Continuous Relaxation

Let O be candidate operations (e.g., separable conv, pooling, identity, zero). Instead of one discrete op per edge, DARTS uses a soft mixture:

o_bar^(i,j)(x) = sum_{o in O} [exp(alpha_o^(i,j)) / sum_{o' in O} exp(alpha_o'^(i,j))] * o(x)

At the end of search, DARTS discretizes by selecting strongest operations.

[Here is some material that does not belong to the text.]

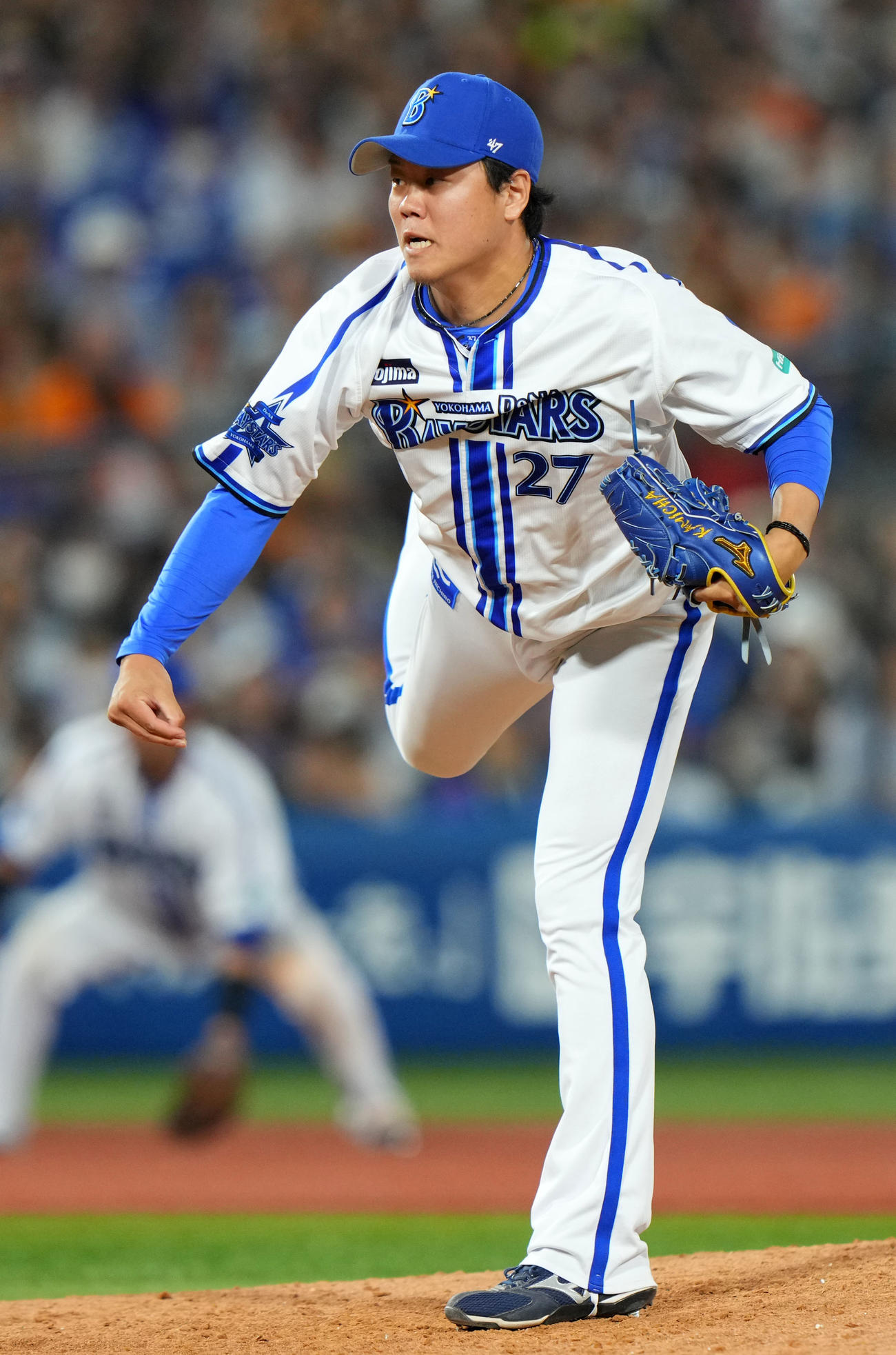 DeNA対巨人　8回表途中から登板したDeNA上茶谷（撮影・横山健太）
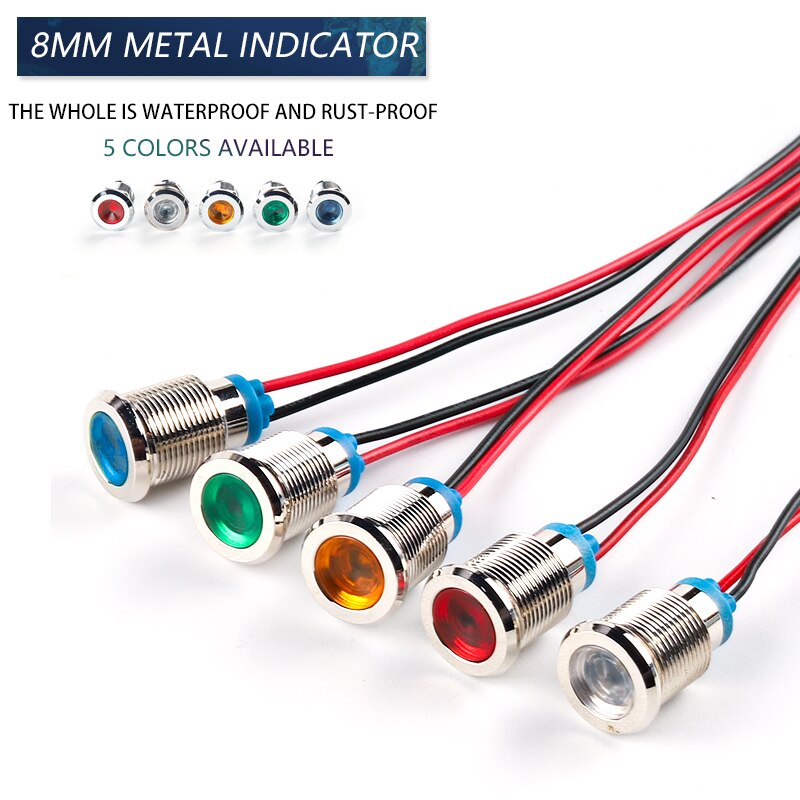 8mm LED Wasserdichte Metall Anzeige Licht Signal Lampe Mit Draht 3V 6V 12V 24V 110V 220V Rot/Gelb/Blau/Grün/Weiß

o^(i,j) = argmax_{o in O} alpha_o^(i,j)

Bilevel Optimization Core

DARTS optimizes architecture parameters alpha and network weights w with a bilevel objective:

min_alpha L_val(w*(alpha), alpha)
s.t. w*(alpha) = argmin_w L_train(w, alpha)

Interpretation:

  • w should fit training data
  • alpha should be selected by validation performance
  • This separation reduces architecture overfitting

Practical Gradient Approximation

Exact architecture gradients are expensive due to inner optimization for w*(alpha). DARTS uses one-step unrolling:

w' = w - xi * grad_w L_train(w, alpha)

Second-order architecture gradient (unrolled):

grad_alpha L_val(w', alpha) - xi * grad_alpha(grad_w L_train(w, alpha)^T * grad_w' L_val(w', alpha))

Finite-difference approximation for Hessian-vector part:

grad_alpha(grad_w L_train(w, alpha)^T * grad_w' L_val(w', alpha))
  ~= [grad_alpha L_train(w+, alpha) - grad_alpha L_train(w-, alpha)] / (2 * epsilon)

with:

w+/- = w +/- epsilon * grad_w' L_val(w', alpha)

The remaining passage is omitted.